THE WHARF REVUE: UNR-DACT-D, Sydney Theatre Company at the Roslyn Packer Theatre, 26 September-26 October 2019. Photography by Brett Boardman: above - Lena Cruz; below - Helen Dallimore; below again - Simon Burke and Drew Forsythe

Sydney Theatre Company’s venerable cash cow The Wharf Revue is a sure marker of the approaching end of the year. It’s around this time that most need a bit of a gee-up, especially these days. When art has given up imitating life and vice versa, and satire is almost impossible because reality is utterly unbelievable, the only thing to look forward to is “the Revue”.

And it doesn’t disappoint, despite the on-stage absence of ubermenschs, Jonathan Biggins and Phil Scott. Unr-dact-d is theatre-cabaret-revue at the sharp end of excellence.

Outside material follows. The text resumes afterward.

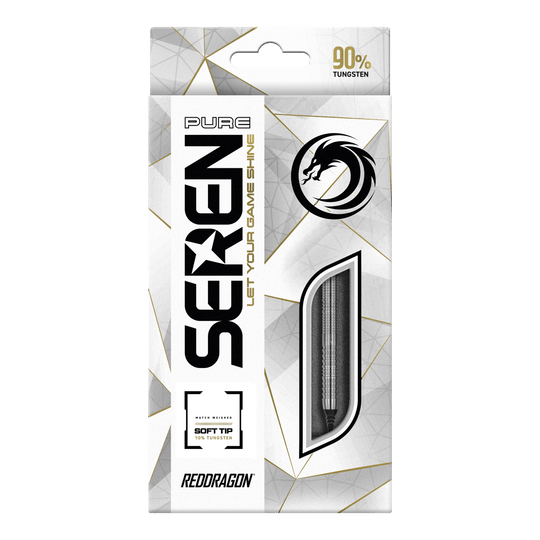 Die Verpackung zeigt das Produkt "Red Dragon Seren 1 Pure Softdarts - 20g". Das Design ist überwiegend weiß mit goldenen und schwarzen Akzenten und hebt die Qualität aus 90 % Tungsten hervor.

Created by the original team of Biggins, Drew Forsythe and Scott, the music and lyrics are more often than not as fine, funny and acerbic as anything by Tom Lehrer, Peter Cook and Dudley Moore or Gilbert & Sullivan.

As befits a state theatre company institution that’s routinely the fastest ticket sale each year, the creative resources are glossier than ever. Home base is the Ros Packer auditorium and its cavernous stage is smartly contained and tricked out with a Puttin’ on the Ritz-style set (Charles Davis), stylishly lit (Matt Cox), and backed by a big screen for the integral video segments (Ben Lightowlers). All this, together with dozens of costume and wig changes, brings the Revue perilously close to sumptuous, yet always undercut by the clear-eyed, unsentimental, laugh machine vision of its creators.

Opening with Lena Cruz in top hat, white tie and tails and “The Diversity Tango”, this show is very 2019 – with Australia at its most openly racist since “We will decide who comes to this country and the circumstances in which they come”. (Almost 20 years ago, btw.)


Cruz also hits the high spots as Kim Jong Un, wondering why the f**k she’s speaking in broken English to two trembling North Korean generals who are obviously Caucasian, because she’s from the Philippines anyway and ... well, you have to see it. It’s very clever. Also shockingly smart is the show’s take on secular goddess Aung San Suu Kyi. You have to see that too.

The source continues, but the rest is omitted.